Dodgers fans certainly don't think so. They love it. They want more. But for a national broadcast, Perez knew what he said wasn't appropriate and apologized for it on Monday morning.
"As soon as I said it, I cringed. It wasn’t that I was carried away in the moment, it’s that you look at the screen because you’re trying to see and follow where the director is going as well. By coincidence, it was Fernando Tatís Jr. that popped up on the screen. It could have been anyone else…it could have been Dave Roberts. And I said, ‘Nando, this is what superstars look like.’ And I cringed a little bit and I said, ‘Did it sound bad or not?’"- Eduardo Perez, SiriusXM Radio
ESPN's Eduardo Perez apologizes for Fernando Tatis Jr. dig during Dodgers-Padres
Very graceful of Perez to apologize, but totally not needed! Perhaps Tatis Jr. could learn a bit more about what a true superstar looks like. They don't salsa in the outfield when opposing fanbases call them out. They don't get suspended for PEDs (well, most don't). They don't recklessly ride motorcycles and get into offseason accidents that could jeopardize their career. They don't get ejected from games when their team needs them the most. And they certainly don't pretend they're bulletproof after 288 career MLB games.

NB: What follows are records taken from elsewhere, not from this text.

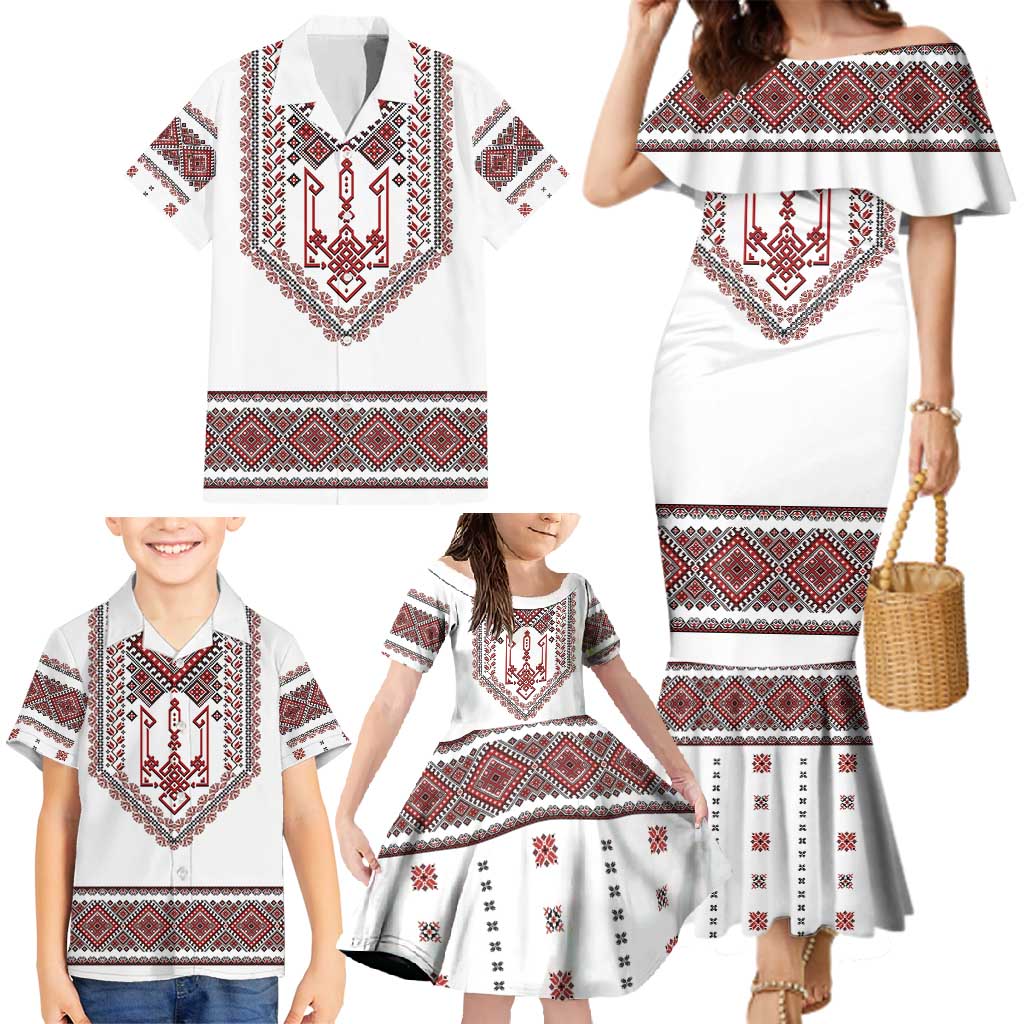 Ukraine Vyshyvanka Inspired Patterns Family Matching Mermaid Dress and Hawaiian Shirt White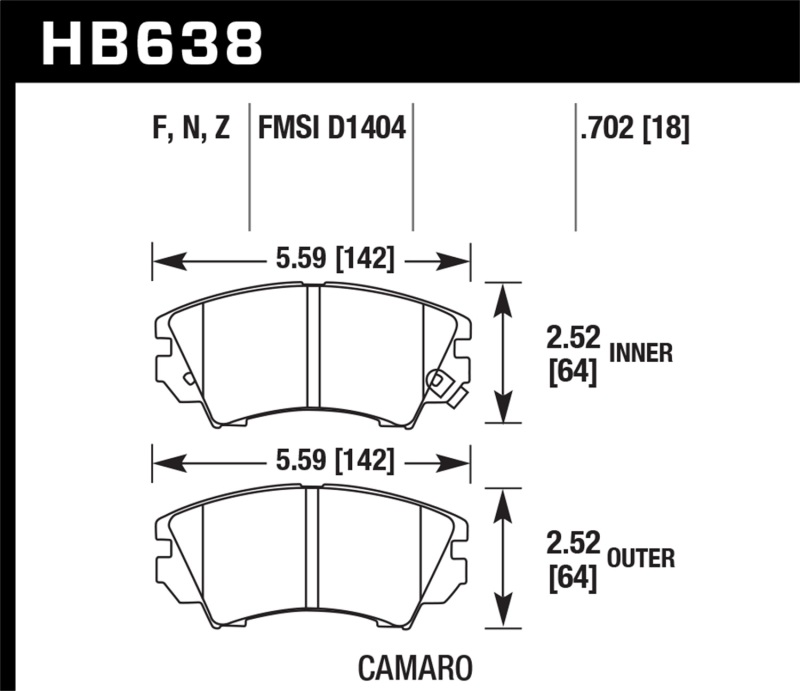 Hawk 10-15 Chevrolet Camaro HPS 5.0 Front Brake Pads thumbnail 2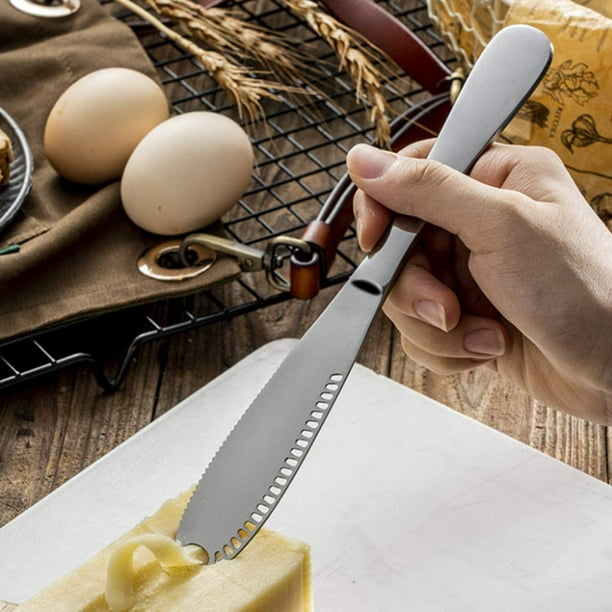 Heated Butter Knife, 2 Pcs Japanese Butter Knife Peanut Butter Knife,  Stainless Steel Butter Grater Sandwich Spreader with Serrated Edge,  Shredding Vegetables Fruits (Black) 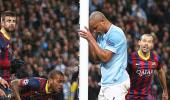 Barcelona teach City a lesson; Pellegrini questions impartiality of referee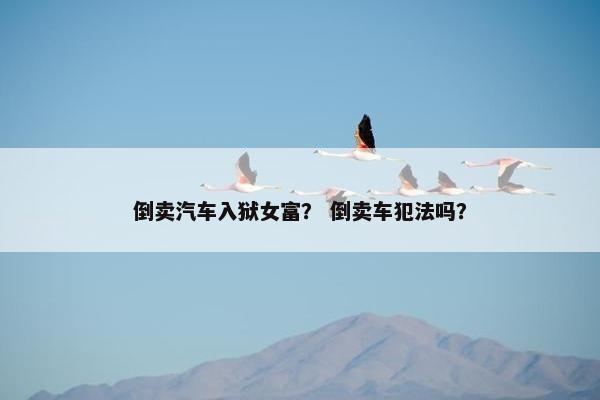 倒卖汽车入狱女富？ 倒卖车犯法吗？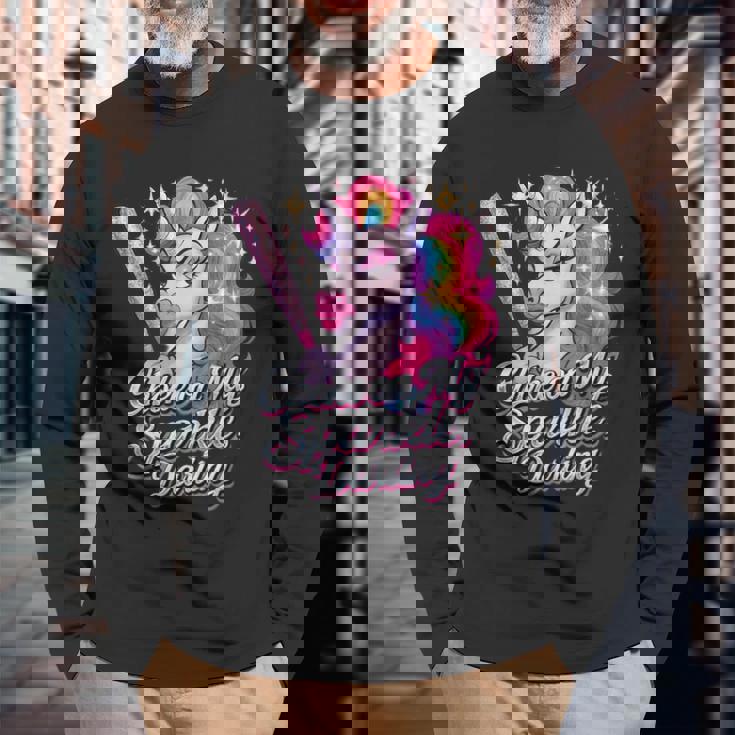 Choke On My Radiance 面白いユニコーンレインボーアティチュード 長袖Tシャツ 高齢者への贈り物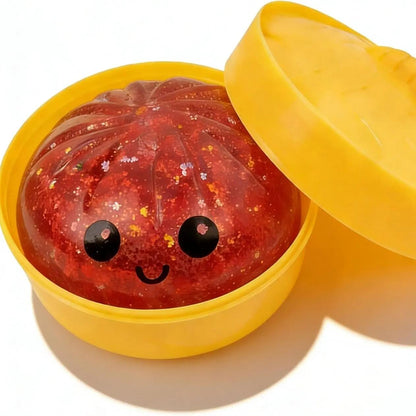 Super Squishy Dumpling Toy with Mystery Glitter & Steamer Case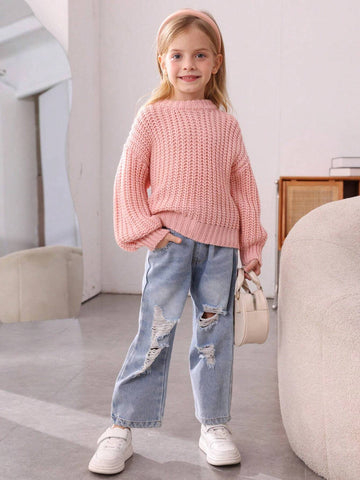 Young Girl Cute Pink Basics Cable Knit Drop Shoulder Ribbed Knit Pullover Sweater,Warm And Comfortable Long Sleeve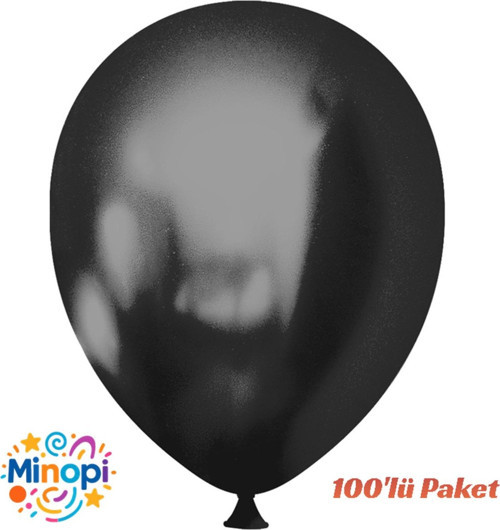 Siyah Balon Desensiz Renkli Balon Metalik Balon Normal Ebat 100'Lü Paket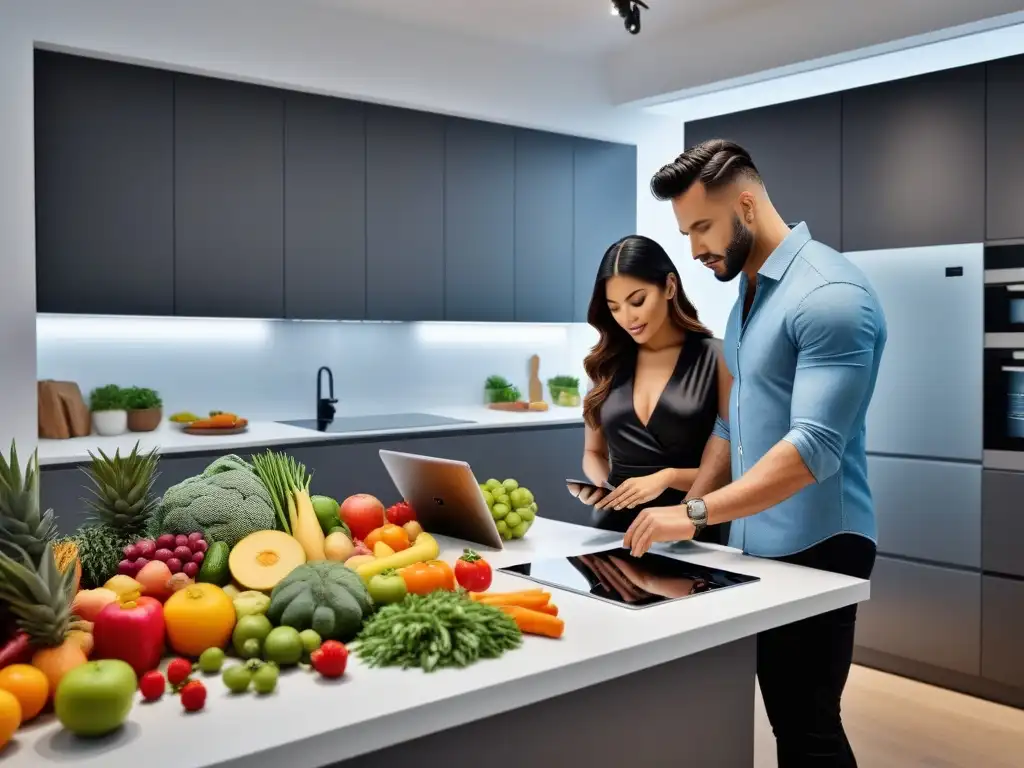 Una pareja joven cocina con una app innovadora en una cocina moderna llena de frutas y verduras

Tatis' talent is undeniable. He already has two top-four MVP finishes, two Silver Slugger awards, one All-Star nod, and an incredible .292/.366/.591 slash line with 220 runs scored, 85 home runs, 205 RBI and 52 stolen bases. His splits with RISP, two outs with RISP, and in high-leverage situations are unbelievable.
But he already has a career's worth of unnecessary drama at the young age of 24. And the Padres expressed a lack of confidence in him when they took the starting shortstop job off his plate less than two years after they signed him to a $340 million extension.
In short, Perez wasn't wrong. And even if he truly felt that way and said it purposefully, it wouldn't have been viewed as outlandish or harsh, since we're only hearing about it now that he's apologized.
Tatis has to grow in many other areas before he's an undisputed superstar like Betts, and there's nothing wrong with vocalizing that, since any baseball fan would probably agree.